§ Exercise details: Omit all pictures and transcribe only the lines in the entries below that run from the line with "Hyundai Staria 2025 — photo 20" through the line with "Valentino Garavani Rockrunner".

§ Input records:
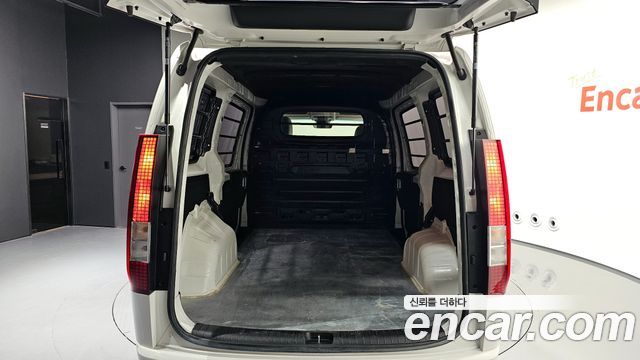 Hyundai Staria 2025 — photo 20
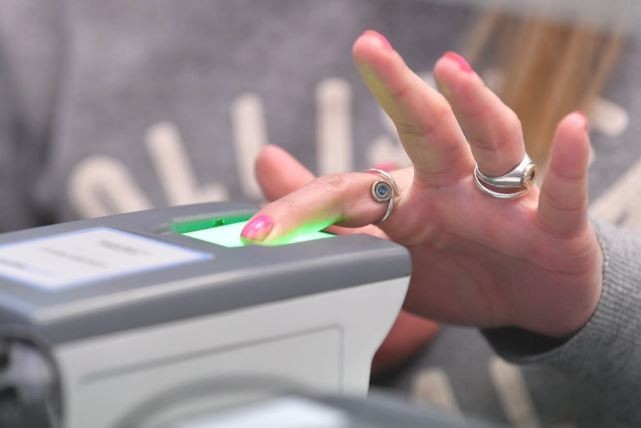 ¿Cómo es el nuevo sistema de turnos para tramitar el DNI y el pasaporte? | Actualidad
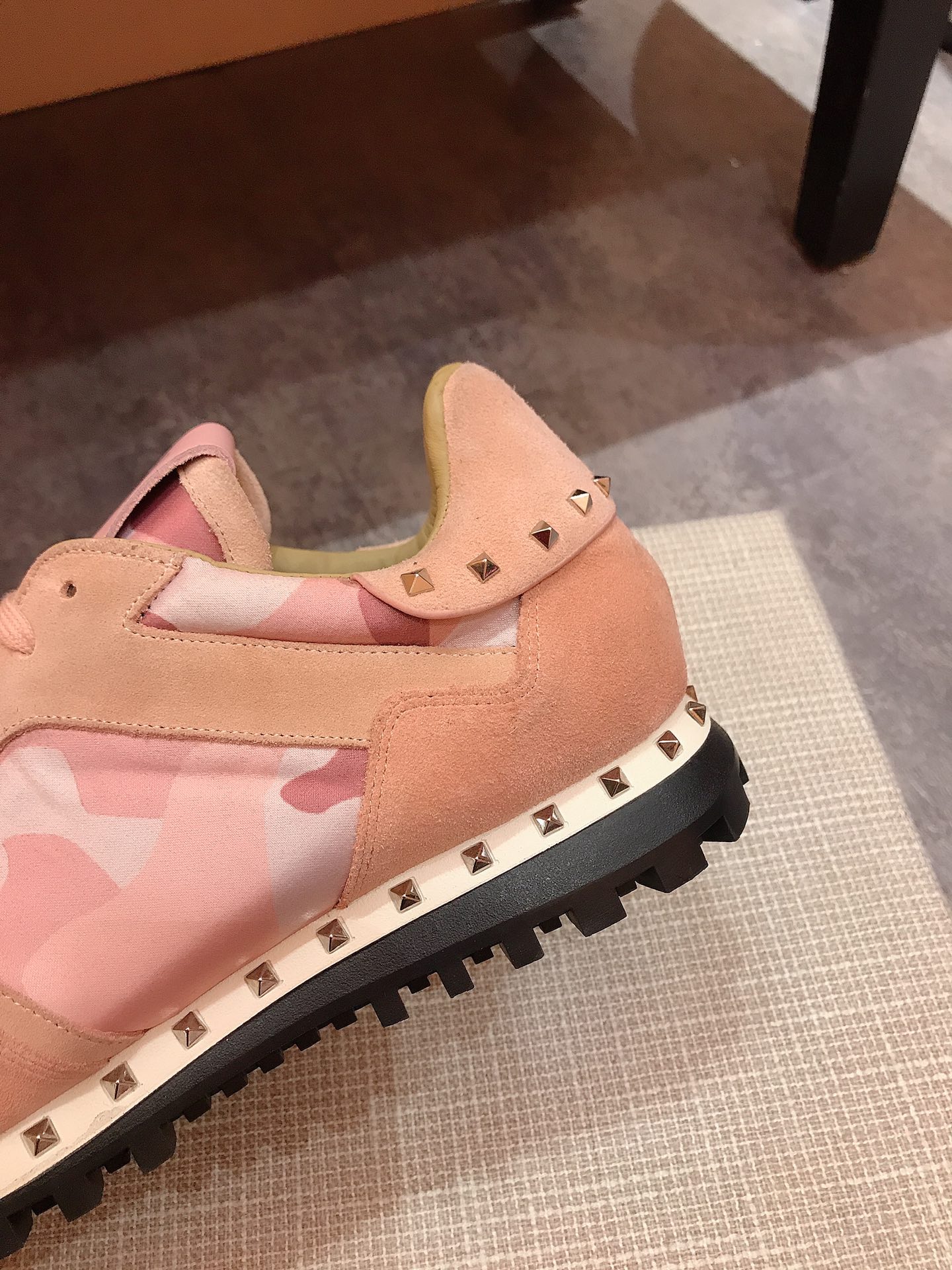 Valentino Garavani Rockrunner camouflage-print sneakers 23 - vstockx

--

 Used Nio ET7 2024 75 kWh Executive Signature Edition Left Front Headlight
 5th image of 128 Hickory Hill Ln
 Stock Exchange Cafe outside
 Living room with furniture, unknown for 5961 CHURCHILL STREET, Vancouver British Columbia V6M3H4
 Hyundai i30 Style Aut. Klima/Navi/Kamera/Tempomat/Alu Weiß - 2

§ Response area:
 Hyundai Staria 2025 — photo 20
 ¿Cómo es el nuevo sistema de turnos para tramitar el DNI y el pasaporte? | Actualidad
 Valentino Garavani Rockrunner camouflage-print sneakers 23 - vstockx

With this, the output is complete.